All goods the subject of this contract are sold only upon the following terms and conditions unless otherwise expressly agreed by the Seller in writing and the buyer shall be deemed to agree that any term or condition of the Buyer which may be at variance with the terms and conditions set out herein shall not apply to this contract.

2. QUOTATIONS

Any acceptance by the Buyer of a quotation made by the Seller shall not constitute a contract until such acceptance is confirmed by the Seller writing.

3. DELIVERIES

Dates given for delivery are approximate only. The delivery of any instalment under this contract shall be considered as separate and severable. Default in delivery of any instalment shall not entitle the Buyers to treat the contract as repudiated. Any goods not taken by the Buyers during the continuance of this contract as herein specified may be sold for the account of the Buyers. Delivery must be taken within 7 days of a delivery or written advice of arrival, otherwise the Buyers shall become liable for storage charges. All payments for goods to be delivered and delivered in instalments must be made on their due dates otherwise the Seller may at their discretion refuse to deliver future instalments until such payments are received. Buyers must inspect and or are deemed to have inspected the goods upon delivery. After acceptance of a delivery order the Buyers are deemed to have accepted the goods in good satisfactory order and within the description of the sale.      

4. WARRANTY

  • The seller warrants only that the goods delivered shall be in accordance with the specification (if any) of the seller relating thereto and in any event the buyer must satisfy himself that the goods are fit for the purpose for which the buyer intends to use them before acceptance of delivery. Save as herein stated all express or implied statutory or either warranties, representations, whether as to fitness or otherwise, relating to the goods supplied by the seller are hereby excluded.
  • If the Buyer alleges that the goods delivered are not in accordance with the Seller's specification relating thereto, the buyer must notify the Seller within 7 days upon delivery and shall not dispose or use those goods in any way whatsoever pending completion of investigation by the Seller.
  • The buyer warrants that the title in the goods will remain with the seller till payment of the full sum.

5. SELLER'S RIGHT TO DEMAND CASH BEFORE DELIVERY

Time is of the essence of this contract as regards all terms of payment.
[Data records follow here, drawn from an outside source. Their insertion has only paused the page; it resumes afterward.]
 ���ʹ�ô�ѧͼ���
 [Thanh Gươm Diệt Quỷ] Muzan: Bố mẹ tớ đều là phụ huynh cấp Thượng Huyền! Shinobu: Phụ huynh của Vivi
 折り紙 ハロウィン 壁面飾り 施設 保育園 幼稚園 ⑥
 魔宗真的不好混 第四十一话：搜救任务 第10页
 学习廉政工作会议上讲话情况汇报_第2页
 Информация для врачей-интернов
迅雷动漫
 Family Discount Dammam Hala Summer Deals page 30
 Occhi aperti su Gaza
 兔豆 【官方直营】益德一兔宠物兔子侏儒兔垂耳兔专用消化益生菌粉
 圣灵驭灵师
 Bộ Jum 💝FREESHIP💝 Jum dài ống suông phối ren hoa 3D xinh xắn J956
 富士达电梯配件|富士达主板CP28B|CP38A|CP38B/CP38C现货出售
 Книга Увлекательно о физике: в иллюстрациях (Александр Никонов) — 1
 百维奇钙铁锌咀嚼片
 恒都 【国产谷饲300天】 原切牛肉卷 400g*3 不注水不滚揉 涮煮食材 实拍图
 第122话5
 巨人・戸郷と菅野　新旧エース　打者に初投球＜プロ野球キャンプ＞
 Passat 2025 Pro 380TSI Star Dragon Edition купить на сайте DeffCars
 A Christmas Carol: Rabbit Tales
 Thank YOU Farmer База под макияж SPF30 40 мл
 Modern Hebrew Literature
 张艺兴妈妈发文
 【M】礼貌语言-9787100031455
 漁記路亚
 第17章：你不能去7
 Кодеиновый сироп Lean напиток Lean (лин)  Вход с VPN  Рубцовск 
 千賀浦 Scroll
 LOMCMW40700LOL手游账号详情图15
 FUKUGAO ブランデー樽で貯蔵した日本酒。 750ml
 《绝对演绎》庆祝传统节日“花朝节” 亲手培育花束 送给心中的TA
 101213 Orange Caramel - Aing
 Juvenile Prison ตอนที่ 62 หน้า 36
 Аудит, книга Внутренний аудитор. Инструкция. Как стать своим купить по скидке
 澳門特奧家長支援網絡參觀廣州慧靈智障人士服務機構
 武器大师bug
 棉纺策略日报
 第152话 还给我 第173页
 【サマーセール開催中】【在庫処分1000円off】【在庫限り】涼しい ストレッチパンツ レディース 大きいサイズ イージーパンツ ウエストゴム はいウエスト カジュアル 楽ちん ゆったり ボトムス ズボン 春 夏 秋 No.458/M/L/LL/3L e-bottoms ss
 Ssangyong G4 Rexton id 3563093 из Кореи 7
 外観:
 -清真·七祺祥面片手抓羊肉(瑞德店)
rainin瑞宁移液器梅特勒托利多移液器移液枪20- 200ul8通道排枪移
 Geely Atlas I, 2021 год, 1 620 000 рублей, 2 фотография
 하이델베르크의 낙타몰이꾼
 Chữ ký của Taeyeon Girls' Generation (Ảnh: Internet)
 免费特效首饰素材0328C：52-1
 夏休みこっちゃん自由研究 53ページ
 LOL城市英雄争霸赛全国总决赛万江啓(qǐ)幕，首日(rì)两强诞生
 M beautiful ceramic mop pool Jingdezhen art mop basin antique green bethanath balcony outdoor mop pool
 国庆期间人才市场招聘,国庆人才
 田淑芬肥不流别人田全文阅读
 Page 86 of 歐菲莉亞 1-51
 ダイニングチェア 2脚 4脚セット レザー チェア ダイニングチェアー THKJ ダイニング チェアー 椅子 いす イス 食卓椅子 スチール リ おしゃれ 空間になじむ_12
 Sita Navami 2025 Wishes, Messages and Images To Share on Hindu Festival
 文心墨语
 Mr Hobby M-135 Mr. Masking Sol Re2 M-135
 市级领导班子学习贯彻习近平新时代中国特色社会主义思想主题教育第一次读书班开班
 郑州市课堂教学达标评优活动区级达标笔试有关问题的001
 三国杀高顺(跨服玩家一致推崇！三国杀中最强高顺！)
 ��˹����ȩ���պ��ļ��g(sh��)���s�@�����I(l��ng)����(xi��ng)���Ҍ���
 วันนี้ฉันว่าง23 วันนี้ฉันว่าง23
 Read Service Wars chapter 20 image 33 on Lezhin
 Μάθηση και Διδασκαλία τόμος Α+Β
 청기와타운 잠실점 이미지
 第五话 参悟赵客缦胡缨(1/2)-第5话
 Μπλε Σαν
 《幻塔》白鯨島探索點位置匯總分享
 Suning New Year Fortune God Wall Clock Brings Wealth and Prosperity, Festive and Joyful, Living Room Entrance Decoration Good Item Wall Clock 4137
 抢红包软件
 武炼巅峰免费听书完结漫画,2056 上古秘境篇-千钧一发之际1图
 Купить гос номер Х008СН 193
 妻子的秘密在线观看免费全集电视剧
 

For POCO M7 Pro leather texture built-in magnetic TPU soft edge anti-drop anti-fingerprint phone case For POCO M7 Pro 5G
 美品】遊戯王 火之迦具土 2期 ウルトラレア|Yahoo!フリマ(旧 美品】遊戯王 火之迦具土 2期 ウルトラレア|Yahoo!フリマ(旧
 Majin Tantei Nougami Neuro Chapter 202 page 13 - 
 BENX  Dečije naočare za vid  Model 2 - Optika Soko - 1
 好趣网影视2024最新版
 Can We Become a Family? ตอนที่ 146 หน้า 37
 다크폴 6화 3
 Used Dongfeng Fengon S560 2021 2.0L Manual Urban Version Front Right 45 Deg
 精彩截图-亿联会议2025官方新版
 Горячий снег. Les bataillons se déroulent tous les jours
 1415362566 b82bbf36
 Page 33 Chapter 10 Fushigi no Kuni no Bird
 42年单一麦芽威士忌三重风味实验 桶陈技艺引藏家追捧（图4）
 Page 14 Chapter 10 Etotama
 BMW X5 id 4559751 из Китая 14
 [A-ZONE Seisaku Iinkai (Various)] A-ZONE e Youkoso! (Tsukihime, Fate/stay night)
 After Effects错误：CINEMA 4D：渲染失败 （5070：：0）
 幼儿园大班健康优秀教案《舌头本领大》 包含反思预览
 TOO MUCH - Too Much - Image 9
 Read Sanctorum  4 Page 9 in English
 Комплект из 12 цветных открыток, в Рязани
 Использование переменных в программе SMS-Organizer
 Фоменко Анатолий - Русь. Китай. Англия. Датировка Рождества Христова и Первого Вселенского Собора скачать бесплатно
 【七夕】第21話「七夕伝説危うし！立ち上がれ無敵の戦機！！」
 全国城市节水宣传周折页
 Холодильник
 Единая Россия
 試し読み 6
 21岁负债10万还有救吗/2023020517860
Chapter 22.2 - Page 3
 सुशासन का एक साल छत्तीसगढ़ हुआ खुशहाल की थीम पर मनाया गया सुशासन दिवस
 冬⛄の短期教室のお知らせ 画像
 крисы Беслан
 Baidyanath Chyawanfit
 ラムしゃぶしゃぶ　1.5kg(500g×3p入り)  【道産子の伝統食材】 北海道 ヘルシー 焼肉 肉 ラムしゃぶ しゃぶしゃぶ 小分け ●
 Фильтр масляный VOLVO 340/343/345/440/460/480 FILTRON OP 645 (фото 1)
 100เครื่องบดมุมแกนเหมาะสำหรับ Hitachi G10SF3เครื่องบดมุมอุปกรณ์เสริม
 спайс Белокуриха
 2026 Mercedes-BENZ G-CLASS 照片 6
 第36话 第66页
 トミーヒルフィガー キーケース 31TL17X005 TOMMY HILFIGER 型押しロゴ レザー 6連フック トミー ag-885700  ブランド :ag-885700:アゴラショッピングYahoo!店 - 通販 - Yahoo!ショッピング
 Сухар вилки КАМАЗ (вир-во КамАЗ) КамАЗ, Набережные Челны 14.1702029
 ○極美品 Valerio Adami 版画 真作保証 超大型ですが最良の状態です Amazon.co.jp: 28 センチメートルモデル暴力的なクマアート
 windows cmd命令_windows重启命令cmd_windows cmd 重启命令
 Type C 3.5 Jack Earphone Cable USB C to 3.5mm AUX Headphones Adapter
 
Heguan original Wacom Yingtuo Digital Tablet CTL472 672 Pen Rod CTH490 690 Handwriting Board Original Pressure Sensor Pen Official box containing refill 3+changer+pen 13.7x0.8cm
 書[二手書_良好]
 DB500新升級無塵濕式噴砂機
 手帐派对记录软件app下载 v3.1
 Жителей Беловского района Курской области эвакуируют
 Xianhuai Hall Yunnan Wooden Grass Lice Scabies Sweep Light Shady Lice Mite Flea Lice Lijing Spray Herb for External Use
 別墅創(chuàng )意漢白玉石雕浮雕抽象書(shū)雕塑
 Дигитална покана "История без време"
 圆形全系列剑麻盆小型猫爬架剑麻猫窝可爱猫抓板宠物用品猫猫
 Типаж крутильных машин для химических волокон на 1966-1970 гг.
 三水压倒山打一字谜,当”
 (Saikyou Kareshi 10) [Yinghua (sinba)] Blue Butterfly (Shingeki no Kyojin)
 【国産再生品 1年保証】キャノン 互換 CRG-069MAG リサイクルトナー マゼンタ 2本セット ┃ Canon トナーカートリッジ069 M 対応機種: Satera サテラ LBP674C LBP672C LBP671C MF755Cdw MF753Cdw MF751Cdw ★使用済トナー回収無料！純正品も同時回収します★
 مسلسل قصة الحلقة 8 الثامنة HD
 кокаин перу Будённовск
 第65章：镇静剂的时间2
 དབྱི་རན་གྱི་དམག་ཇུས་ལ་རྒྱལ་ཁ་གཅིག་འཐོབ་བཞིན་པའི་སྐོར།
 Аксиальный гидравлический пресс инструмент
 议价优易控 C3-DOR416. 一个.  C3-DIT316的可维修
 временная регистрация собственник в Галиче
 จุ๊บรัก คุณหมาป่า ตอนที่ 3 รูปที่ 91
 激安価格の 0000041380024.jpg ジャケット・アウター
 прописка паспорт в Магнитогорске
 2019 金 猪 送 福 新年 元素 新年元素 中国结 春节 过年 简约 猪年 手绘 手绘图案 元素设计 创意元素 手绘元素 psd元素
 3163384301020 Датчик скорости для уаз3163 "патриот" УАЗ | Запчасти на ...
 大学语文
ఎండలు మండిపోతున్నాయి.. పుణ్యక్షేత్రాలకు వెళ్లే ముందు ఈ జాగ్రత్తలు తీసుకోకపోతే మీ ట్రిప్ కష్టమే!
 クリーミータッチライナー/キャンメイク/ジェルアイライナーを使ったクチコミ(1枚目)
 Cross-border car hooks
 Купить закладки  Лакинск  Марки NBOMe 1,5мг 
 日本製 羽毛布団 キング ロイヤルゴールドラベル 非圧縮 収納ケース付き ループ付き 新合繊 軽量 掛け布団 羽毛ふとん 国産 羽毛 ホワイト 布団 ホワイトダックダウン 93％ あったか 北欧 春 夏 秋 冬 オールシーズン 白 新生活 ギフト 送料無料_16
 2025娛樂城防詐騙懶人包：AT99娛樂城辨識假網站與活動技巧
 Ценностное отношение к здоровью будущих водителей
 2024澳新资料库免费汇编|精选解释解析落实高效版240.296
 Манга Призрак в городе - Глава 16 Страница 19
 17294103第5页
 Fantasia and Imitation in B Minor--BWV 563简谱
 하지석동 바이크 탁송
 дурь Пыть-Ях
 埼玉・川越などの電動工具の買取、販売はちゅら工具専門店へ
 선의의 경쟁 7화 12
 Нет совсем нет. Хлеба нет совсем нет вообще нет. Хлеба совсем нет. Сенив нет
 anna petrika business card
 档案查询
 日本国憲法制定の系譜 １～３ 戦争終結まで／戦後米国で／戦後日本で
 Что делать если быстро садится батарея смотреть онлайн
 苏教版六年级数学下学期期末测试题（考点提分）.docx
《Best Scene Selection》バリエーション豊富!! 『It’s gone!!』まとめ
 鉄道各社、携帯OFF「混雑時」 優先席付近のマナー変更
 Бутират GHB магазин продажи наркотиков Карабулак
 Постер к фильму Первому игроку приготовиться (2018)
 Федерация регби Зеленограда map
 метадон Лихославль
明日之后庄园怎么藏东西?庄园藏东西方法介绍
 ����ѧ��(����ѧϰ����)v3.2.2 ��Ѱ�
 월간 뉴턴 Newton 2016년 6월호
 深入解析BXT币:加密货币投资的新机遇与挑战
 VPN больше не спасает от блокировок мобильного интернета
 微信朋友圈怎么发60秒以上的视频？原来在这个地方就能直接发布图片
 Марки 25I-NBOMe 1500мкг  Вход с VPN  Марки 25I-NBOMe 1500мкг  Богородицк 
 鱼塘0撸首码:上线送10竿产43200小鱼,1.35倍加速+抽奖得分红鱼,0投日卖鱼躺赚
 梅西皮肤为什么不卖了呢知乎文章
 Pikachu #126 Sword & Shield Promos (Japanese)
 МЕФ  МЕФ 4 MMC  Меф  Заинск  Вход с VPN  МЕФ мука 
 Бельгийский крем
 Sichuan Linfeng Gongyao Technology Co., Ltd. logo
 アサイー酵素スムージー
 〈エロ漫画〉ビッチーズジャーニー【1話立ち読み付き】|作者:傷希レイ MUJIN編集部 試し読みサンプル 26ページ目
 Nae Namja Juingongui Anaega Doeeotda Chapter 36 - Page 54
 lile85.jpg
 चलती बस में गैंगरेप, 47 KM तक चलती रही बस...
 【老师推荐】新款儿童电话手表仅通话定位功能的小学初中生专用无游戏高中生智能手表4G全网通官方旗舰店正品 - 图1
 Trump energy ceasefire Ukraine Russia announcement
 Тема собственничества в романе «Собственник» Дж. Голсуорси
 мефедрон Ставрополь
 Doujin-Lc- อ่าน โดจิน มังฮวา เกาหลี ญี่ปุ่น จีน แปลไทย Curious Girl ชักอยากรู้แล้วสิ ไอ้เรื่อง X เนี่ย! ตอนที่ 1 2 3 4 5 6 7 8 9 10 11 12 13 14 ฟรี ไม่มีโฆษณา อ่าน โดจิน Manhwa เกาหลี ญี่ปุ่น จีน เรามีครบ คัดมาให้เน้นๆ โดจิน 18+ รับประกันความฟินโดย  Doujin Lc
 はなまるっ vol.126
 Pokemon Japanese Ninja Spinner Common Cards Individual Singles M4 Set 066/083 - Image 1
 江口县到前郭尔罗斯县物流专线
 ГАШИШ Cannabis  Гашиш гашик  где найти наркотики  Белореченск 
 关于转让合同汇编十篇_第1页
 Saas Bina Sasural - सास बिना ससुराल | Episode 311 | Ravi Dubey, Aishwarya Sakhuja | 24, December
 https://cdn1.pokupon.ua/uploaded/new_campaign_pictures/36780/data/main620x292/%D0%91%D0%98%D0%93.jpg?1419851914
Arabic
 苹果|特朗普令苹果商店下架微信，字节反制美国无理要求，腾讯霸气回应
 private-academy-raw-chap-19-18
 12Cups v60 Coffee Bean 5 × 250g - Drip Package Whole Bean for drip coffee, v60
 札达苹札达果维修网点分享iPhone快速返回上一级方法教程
The Sellers shall have the right to demand cash before delivery not withstanding any agreement to be contrary.      

6. INCREASE IN PRICES

  • Should the cost of goods be increased by any circumstances of any kind whatsoever beyond the control of the Seller including (but not by way of limitation) variations in rates of exchange, devaluation of any relevant currency or increase in relevant rates of insurance, such increase shall be borne by the Buyer, not withstanding the fact that payment may have been requested by the Sellers or made by the Buyers in accordance with the terms of this contract.
  • Where by any cause whatsoever beyond the control of the Sellers shall be called upon to pay any additional freight, customs duties/excise or incur any other charges and expenses in respect of the carriage of the goods covered by this contract, such additional freight charges or expenses shall be payable by the Buyers to the Sellers in addition to the price quoted.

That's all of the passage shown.